I like to think symbolically—so when I think trials, I think strong winds, and maybe climbing mt. Everest, lol.
In real life situations, many of us can compare those symbol of trials to losing a child, struggling with a life-long illness, losing a job, recovering from a harsh journey of addiction—and there’s so much more. So, so much more.
And even if several people went through a similar trial, each situation is an entirely unique experience that is very personal to that individual or group.
The Lord sees the good things you do even if no one else does.
We live in a time where the Lord’s Spirit is encouraging us even more to believe Him when He tells us something, just as much as we would believe in His identity and existence.
So, when you lose a job, do you believe God when He says you have nothing to fear?
When you’re single and want to get married so badly but dating seems hopeless, would you believe God’s words when He says you have nothing to fear?
When you witness divorces, experience relationships being threatened by generational trauma, and the Lord says you still have nothing fear—would you believe Him?
Would you believe God when He says you have nothing to fear, even when your family hits a financial crisis?
Would you believe God when He says you have nothing to fear, after relapsing the umpteenth time trying to recover from a relentless addiction?
My husband told me something recently about something that’s been helping him.
He says he thinks of Jesus.
“What do you mean? Like you think of an image of Jesus?” I asked.
”Yeah. I literally think of Him and the familiar images I know of Him.”
So I tried it one time, when I didn’t want to show up for my chores and feeling irritated that I even had to do any of them, lol. (Just me?? 😋)
My brain kept going back and forth from images of Jesus to negative emotions then pictures of Jesus, and on and on and on. Like a cycle. I kind of felt a little crazy, haha. However, it did work to think of Him and I would feel a little calmer.
When I finally got to sit down for a moment and let out a big sigh, it was then that I experienced a more rigorous effort of going from negative thoughts stirring up my emotions again, to thinking of Jesus—and then boom, an image of Him washing my feet came.
When I thought that, my whole body felt calm.
My hands and feet were starting to feel relieved. It was strange. But I thought it was a miracle. It felt so silly because literally remembering and thinking of Jesus may seem so small and simple—but also it made me realize it takes great effort, and that thoughts of Jesus can heal disturbed emotions.
I learned that when we give our minds the space to think of Jesus (even for just three seconds like what I did from time to time), we invite His Spirit to give us the grace and strength we need.
My small experience of simply thinking of images of Jesus made me think of this story in the Book of Mormon.1
17 And it came to pass that as I was thus racked with torment, while I was harrowed up by the memory of my many sins, behold, I remembered also to have heard my father prophesy unto the people concerning the coming of one Jesus Christ, a Son of God, to atone for the sins of the world.

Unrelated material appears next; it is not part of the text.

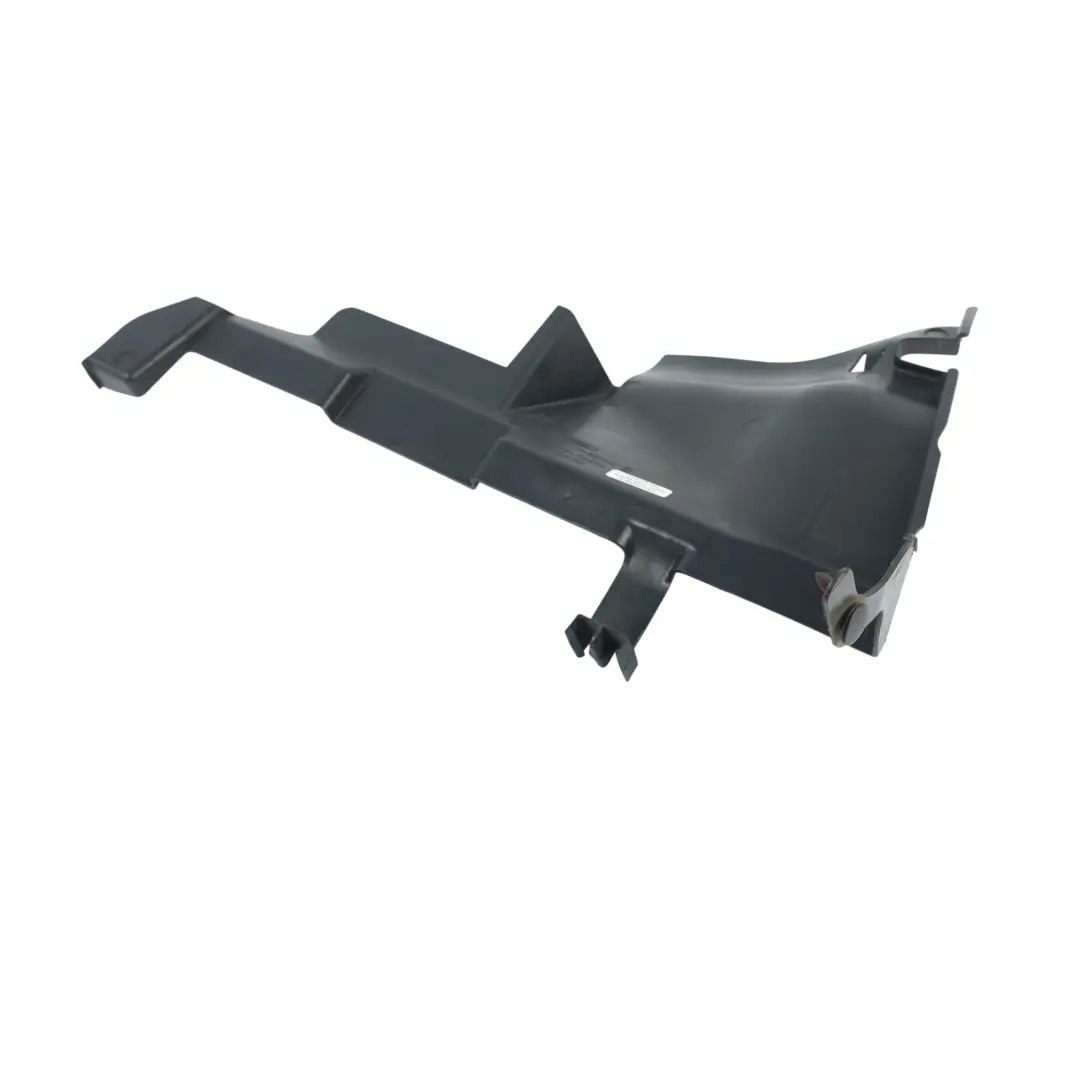 Ford Transit Connect Mk2 Radiator Air Intake Deflector Left N/S - SKU DT11-8311-CC - Part number DT11-8311-CC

18 Now, as my mind caught hold upon this thought, I cried within my heart: O Jesus, thou Son of God, have mercy on me, who am in the gall of bitterness, and am encircled about by the everlasting chains of death.

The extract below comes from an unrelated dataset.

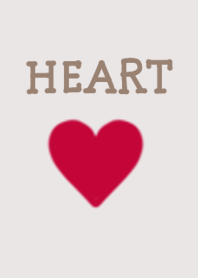 Heart Theme simple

19 And now, behold, when I thought this, I could remember my pains no more; yea, I was harrowed up by the memory of my sins no more.
20 And oh, what joy, and what marvelous light I did behold; yea, my soul was filled with joy as exceeding as was my pain!
21 Yea, I say unto you, my son, that there could be nothing so exquisite and so bitter as were my pains. Yea, and again I say unto you, my son, that on the other hand, there can be nothing so exquisite and sweet as was my joy.
The Lord brings us small miracles of relief, recovery, and progression when we remember Him.
So when you’re full of fear like me (a lot of the times lol) and finding joy in daily repentance feels impossible,
try this very doable three-seconds brain exercise of just thinking of an image, countenance and story of Jesus 🥹🙏🏼
🎼 . . . Heart of my own heart, whatever befall
Still be my vision, O ruler of all . . . 🎶
So tell me! When you think of Jesus, what image of Him pops in your mind?